If you don’t have enough people, move one step down the customer value matrix and use your website traffic, then page engagers, video viewers, and finally page likes. Keep repeating this process until you find the lookalike source audience option that fits the existing audiences you have in your business.
For a full step-by-step walkthrough of the source audience selection process, click here.
#6: Mistake: Ignoring Advanced Facebook Pixel Settings
Setting up and installing your Facebook pixel is one of the most important actions you take before you launch any ad campaigns. Facebook provides excellent resources for installing and setting up your events based on the platform on which your website is built; however, they don’t have detailed instructions on the advanced settings.

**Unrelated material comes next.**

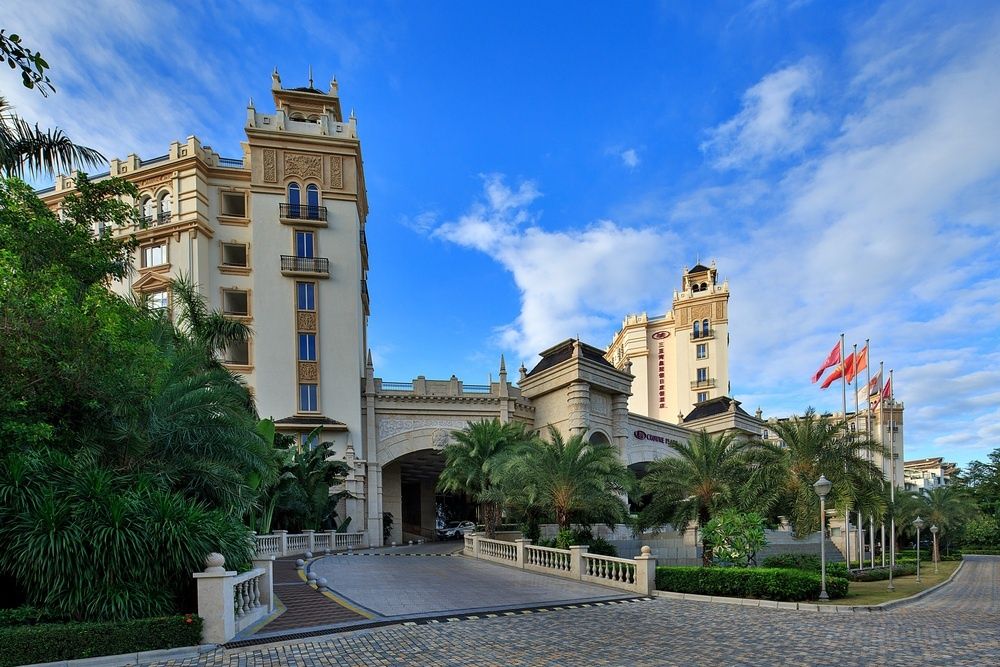 Crowne Plaza Resort Sanya Bay фото 72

This final Facebook ad mistake, having the wrong pixel settings, is a small one but it can have a big impact. Two features could be set up wrong: your cookie type and advanced matching.
First, let’s cover cookie settings. With browsers like Google Chrome removing third-party cookies later this year and competitors like Safari to follow suit, it’s even more important that your pixel cookie settings are first-party, not third-party.
To check this setting and change it if it’s set to third-party, navigate to your Events Manager and from the drop-down icon list, select Settings.
The first setting is cookie usage. If it’s set to third-party, change it to first-party. By doing this, your pixel will be implemented on your website and read by browsers as main code, not third-party, so it won’t be excluded from your site.
Also check that Automatic Advanced Matching is turned on. This is the second part of this pixel settings mistake.
Without Automatic Advanced Matching on, you won’t be tracking additional pixel data known as microdata, and will therefore see a lower attribution and match rate for event actions and website custom audience sizes. Turning on Automatic Advanced Matching will improve your match rate and attribution of actions to your ad campaigns.
Conclusion
With more than 7 million advertisers, the demand for Facebook advertising has never been higher. To best serve an increasingly wider range of businesses using the ad platform, Facebook continues to make changes and introduce new features, which add to its complexity.
More objectives, audiences, and pixel features than ever before means that advertisers are being pushed off the platform because of mistakes that reduce campaign effectiveness and ultimately lead to the conclusion that Facebook ads don’t work for their business.
When you avoid the mistakes outlined above, Facebook advertising has the potential to transform your business, adding new customers and increasing revenue exponentially. These mistakes range from broad overarching mistakes like no strategy or campaign management to specific tactical mistakes such as not using certain ad types, the highest-quality lookalike audiences, or the correct advanced pixel settings.